The owner should try to trace the source of the fish to see if they can figure out exactly what it is that way. If the fish came from a store that will probably be a waste of time. 
G>I agree with C_____ even though I gave a different name. The line between what is a gardneri or a nigerianus is a fine one, usually defined by where the fish comes from. I put gardneri because they were all 'gardneris" til recently, and that's still the name that will give a new fishkeeper the info. Technically, the yellow says nigerianus, but if he/she is hunting for information on how to keep the fish, it'll most likely appear under gardneri.
C>G____ is right. They were formerly known as Fundulopanchax gardneri nigerianus. The scientific names of some killifish have been changed fairly often, particularly with South American annuals. This makes it difficult to keep up with since killifish are not generally referred to by common names, but rather the scientific names. It looks like they have now started on the South American non-annuals as well. I see that the Rivulus genus appears to have now been broken down into multiple genera.


----------



## banx (Jan 19, 2012)

thats great thanks.... it's good to know what I actually have.

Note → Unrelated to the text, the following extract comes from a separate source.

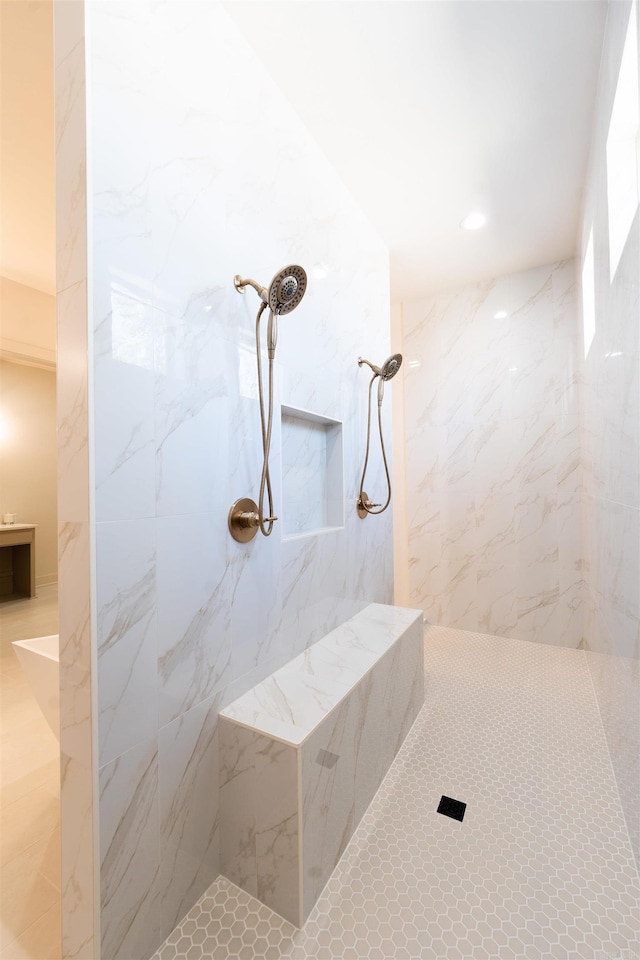 full bathroom featuring a marble finish shower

on a side note the female is n longer fat. i've seen them rubbing together into the gravel. but i don't think thats how she releases her eggs..... the unfortunate thing is it's a community tank so i will never really know why i went to bed and she was fat, and today modelesque. maybe she just dropped a deuce for the ages


----------



## Ursus sapien (Apr 21, 2010)

banx said:


> on a side note the female is n longer fat. i've seen them rubbing together into the gravel. but i don't think thats how she releases her eggs..... the unfortunate thing is it's a community tank so i will never really know why i went to bed and she was fat, and today modelesque. maybe she just dropped a deuce for the ages


they most likely spawned. many fish do in community tanks, but the eggs get eaten right away. If you want to breed them, set them up in a 5 or 10, with a box or sponge filter. There's lots of good info on the 'net on breeding various killies. Do a little reading and have a _lot _of fun


----------



## banx (Jan 19, 2012)

well this tank showed up at the house unannounced, so it's going to be a while before i convince wifey two tanks stacked on each other is just as asthetic as one 

she's coming along slowly


----------



## Ursus sapien (Apr 21, 2010)

maybe once she starts to like _this_ set-up we can show her how much fun raising killies can be Something about seeing the eyes while they're still in the egg warms up many a heart.
good luck!


----------